Mais comme pour tous les génies, son oeuvre lui survivra encore quelques centaines d’années. À moins, bien sûr, que, d’ici là, la folie capitaliste qu’il s’est évertué à dénoncer n’entraîne l’humanité entière dans le chaos final et qu’il n’y ait plus personne pour se souvenir de lui comme de tout le reste…

Cette petite vidéo, qui ne dure qu’une dizaine de minutes, résume assez bien la pensée marxiste. Comme il est écrit en préambule, elle est forcément simplificatrice. Car, on ne peut décemment pas être exhaustif, en quelques minutes, relativement à une théorie qui a demandé plus de cinquante ans de travail acharné. N’empêche, elle est éclairante et peut inciter certain(e)s à poursuivre la réflexion.

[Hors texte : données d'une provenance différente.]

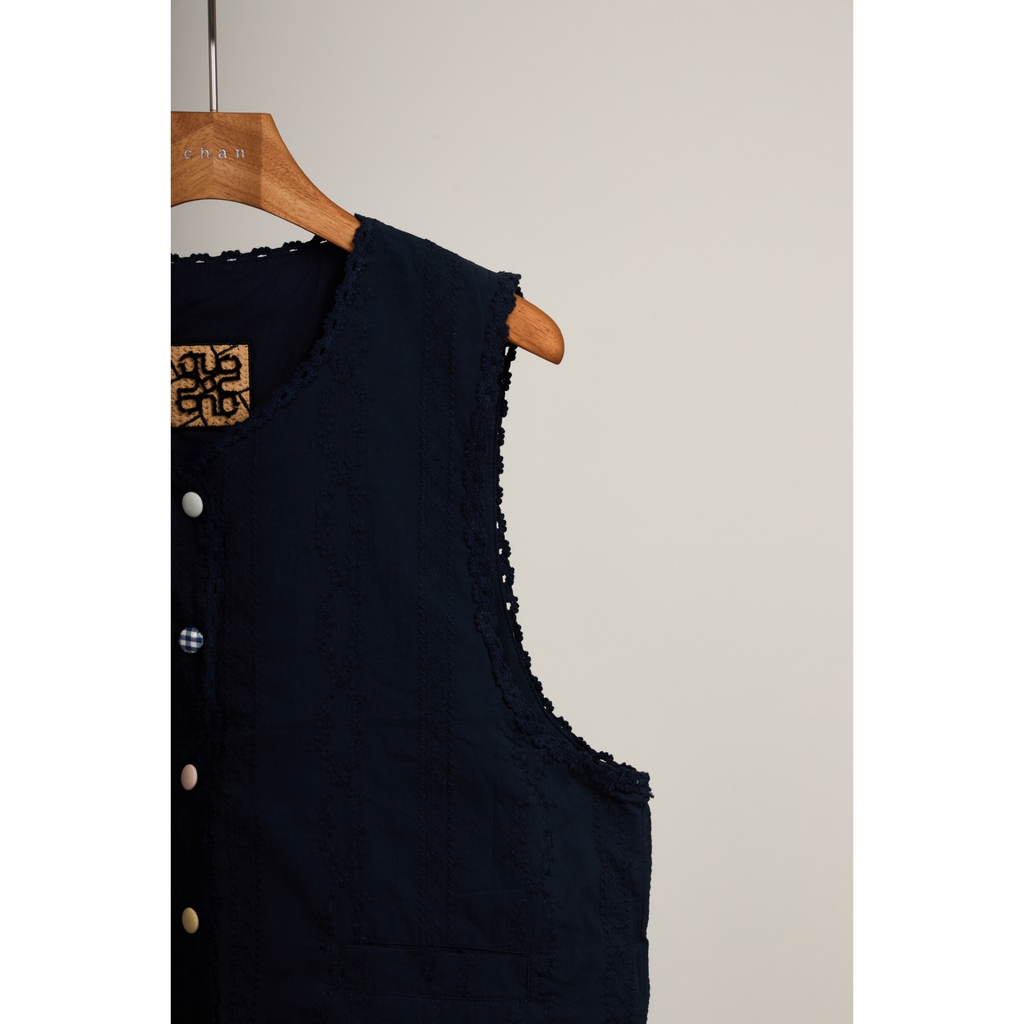 Striped Jacquard Vest – Black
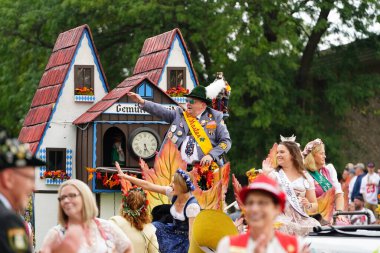 La Crosse, Wisconsin ABD - 1 Ekim 2022 Topluluk Ekim Festivali sırasında bir Alman festivali düzenledi.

Pour ma part, j’ai lu le « Capital » quand j’avais vingt ans et je n’y suis jamais retourné depuis. Enfin, partiellement, comme ça, en picorant. J’avoue… De plus, à l’époque, je vous fais un autre aveu, je n’avais pas tout compris. Et pourtant, j’en ai retenu la substantifique moelle. Cette lecture a été déterminante pour moi. Même si la pensée de Marx était bien trop puissante pour pouvoir être pleinement appréhendée par mon petit potentiel neuronal et juvénile, j’ai néanmoins saisi l’essentiel. Et ça ne m’a jamais quitté.

Le capitalisme est basé sur l’exploitation de l’homme par l’homme. C’est indubitable, indéniable, axiomatique. C’est une évidence. Qui peut, aujourd’hui encore, sans se ridiculiser à l’aide d’arguties spécieuses, oiseuses, la contester ? Les capitalistes ne peuvent s’enrichir qu’en bradant notre force de travail. Un point, c’est tout. En France, en Europe, aux États-unis, et, plus encore, partout ailleurs. C’est pourquoi, le capitalisme doit être politiquement combattu.

La cupidité d’une minorité d’actionnaires entraîne fatalement l’asservissement et la paupérisation d’une immense majorité de travailleurs avec tous les dommages collatéraux sociaux, sanitaires, écologiques, que l’on sait. C’est le principe premier du capitalisme depuis qu’il existe. Disons depuis deux ou trois siècles…

Ce bon vieux Karl a fait des émules, bien sûr ! Je pense, dans le désordre,  à Lénine, à Staline, à Fidel Castro, à Chavez, à Pol Pot, à Mao Zedong, à… Enfin, à plein d’autres ! Ils ont tenté, avec plus ou moins de bonheur de proposer une alternative au capitalisme en s’inspirant de Marx. Force est de constater qu’ils ont tous lamentablement échoué. Et certains se sont même rendus coupables, emportés par un délire autoritaire, de crime contre l’humanité.

Cependant, la pensée de Marx, même si elle a été pervertie, dénaturée, exploitée à des fins innommables, est toujours vivante, et, ô combien, d’actualité. Je vous invite à jeter un oeil sur une séries de documentaires pédagogiques sur ARTE pour vous en convaincre.

À n’en pas douter, le marxisme restera longtemps encore un phare, un modèle et une base de réflexion politique, pour tous les naufragés du capitalisme.